The listing must be copied out in full and exactly; no images go with it.

COLLECTED DATA Start Marker

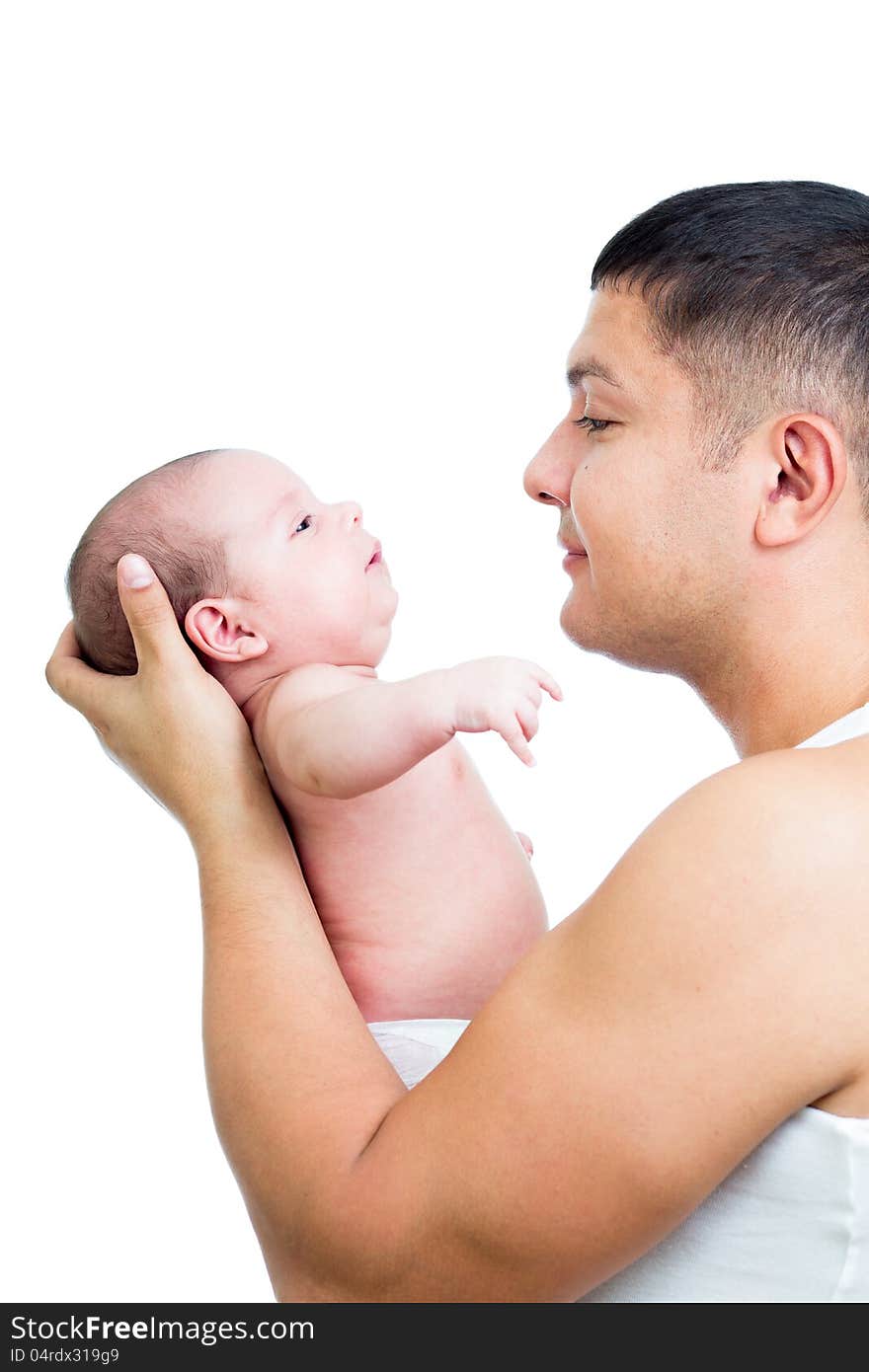 Happy father holding baby in his hands isolated on white. Happy father holding baby in his hands isolated on white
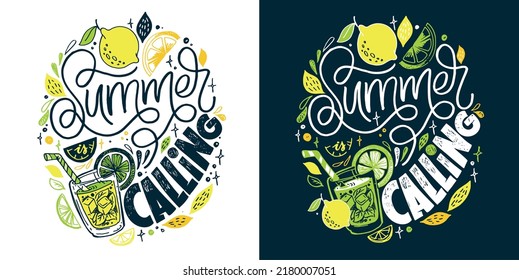 Lemonade pattern background. Summer is calling. Lettering art postcard. 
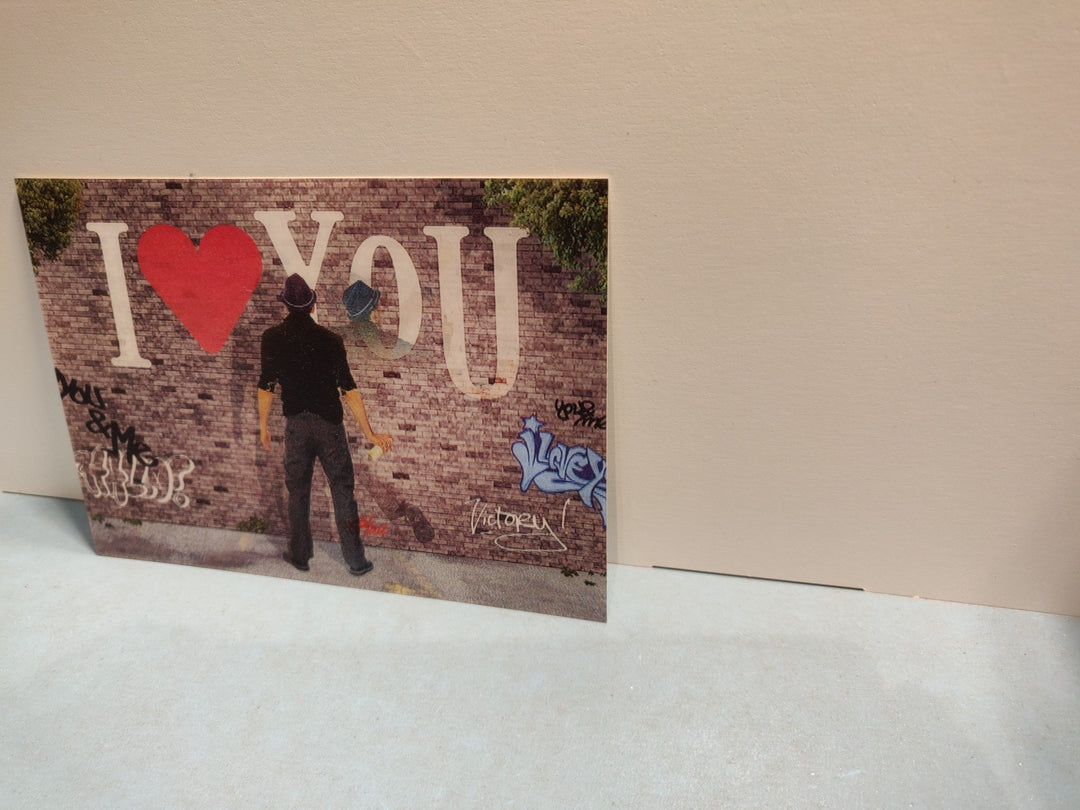 Lenticulaire Kaart Bewegend | Graffiti | I love you - Kleine Eland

COLLECTED DATA End Marker

*TASK RESULT*
 Happy father holding baby in his hands isolated on white. Happy father holding baby in his hands isolated on white
 Lemonade pattern background. Summer is calling. Lettering art postcard. 
 Lenticulaire Kaart Bewegend | Graffiti | I love you - Kleine Eland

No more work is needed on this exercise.